Bir yandan Öcalan üzerindeki tecrit derinleştirilirken, diğer yandan Kürtleri hedef alan ırkçı saldırılar da artıyor. Birleşik Devrimci Parti Genel Başkanı Elif Torun Öneren, Öcalan üzerindeki tecrit ve Kürtlere yönelik ırkçı saldırıları değerlendirdi.
90’LARI ARATMAYAN DÖNEM
Temel insani hakların ihlali olan tecridin, aynı zamanda bir “insanlık suçu” olduğunu dile getiren Öneren, tecridin bugün yalnızca cezaevlerinde uygulanmadığını vurguladı. Gelinen aşama itibariyle ifade, düşünce ve diğer tüm özgürlükleri ortadan kaldırılan Türkiye halklarının topyekun tecrit altında tutulduğunu söyleyen Öneren, özellikle “çözüm süreci” olarak adlandırılan dönem sonrasında yaşananlara dikkati çekti. Öneren, “Geçmişte siyasi iktidarın isteği ve aktif rol aldığı bir çözüm süreci uygulandı. Bu süreç nefes alınabilen bir süreç olsa da hemen devamında faşizmin kurumsallaşmasıyla 90’ları aratmayan bir döneme girdik” dedi.
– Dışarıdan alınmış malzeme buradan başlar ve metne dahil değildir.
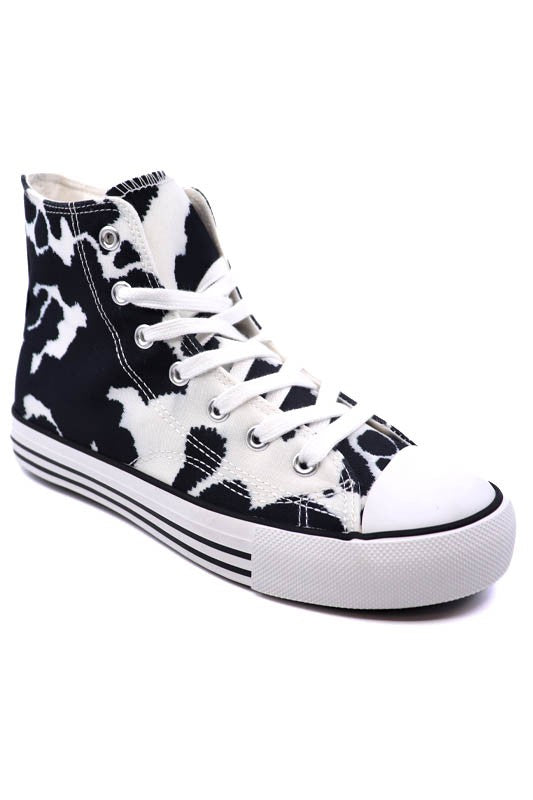 High Top Canvas Sneaker - Scarvesnthangs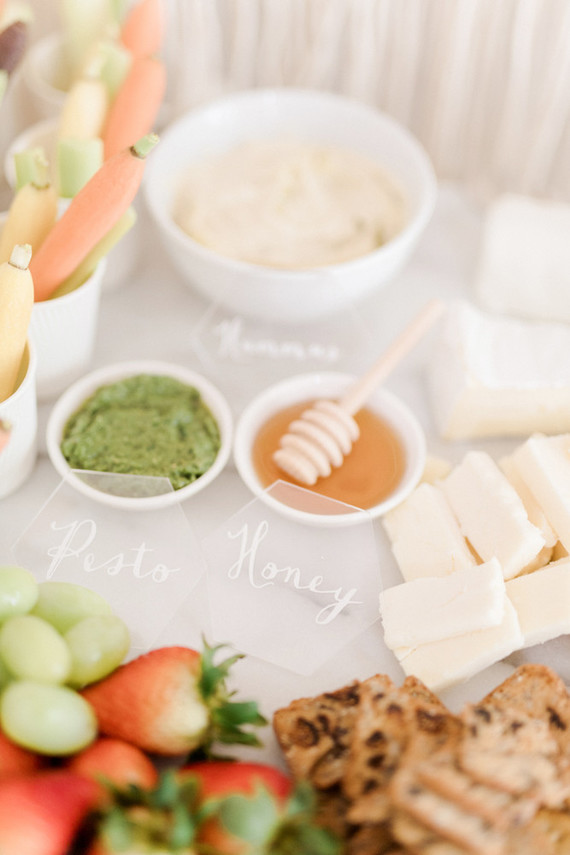 Botanical themed girl's baby shower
FAŞİZMİN ÖRGÜTLENME ZEMİNİ
İmralı’nın kapılarının açık olduğu süreçlerde, Öcalan’ın barışın, kardeşçe ve eşit bir yaşamanın mümkün olacağını herkese gösterdiğini ifade eden Öneren, bu süreçlerde çatışmaların da azaldığını hatırlattı. AKP iktidarının ise bu sürece faşizmin kurumsallaşmasına elverişli ortam hazırlamak için konjonktürel yaklaştığını kaydeden Öneren, “Bu süreçte bütün manipülasyonlara rağmen halklar arasında kurulan köprüler egemenlik zeminini çalkantılı hale getirdi. İşçi sınıfının, sosyalistlerin, kadınların, LGBTİ+ların, yükselen diğer mücadele dinamiklerinin Kürt halkıyla buluşması, faşizmin örgütlenme zeminini deforme etti” diye konuştu.
‘DÜŞMAN HUKUKU’
Özgürlük İçin Hukukçular Derneği (ÖHD), Toplum ve Hukuk Araştırmaları Vakfı (TOHAV), İnsan Hakları Derneği (İHD) ile Türkiye İnsan Hakları Vakfı (TİHV), PKK Lideri Öcalan ile Hayati Kaytan, Emin Gurban ve Civan Boltan isimli tutuklulara verilen ağırlaştırılmış müebbet hapis cezası ile ilgili Avrupa İnsan Hakları Mahkemesi’nin (AİHM) verdiği ‘ihlal’ kararlarını acil gündemine alması için geçtiğimiz günlerde Avrupa Konseyi Bakanlar Komitesi’ne başvuruda bulundu.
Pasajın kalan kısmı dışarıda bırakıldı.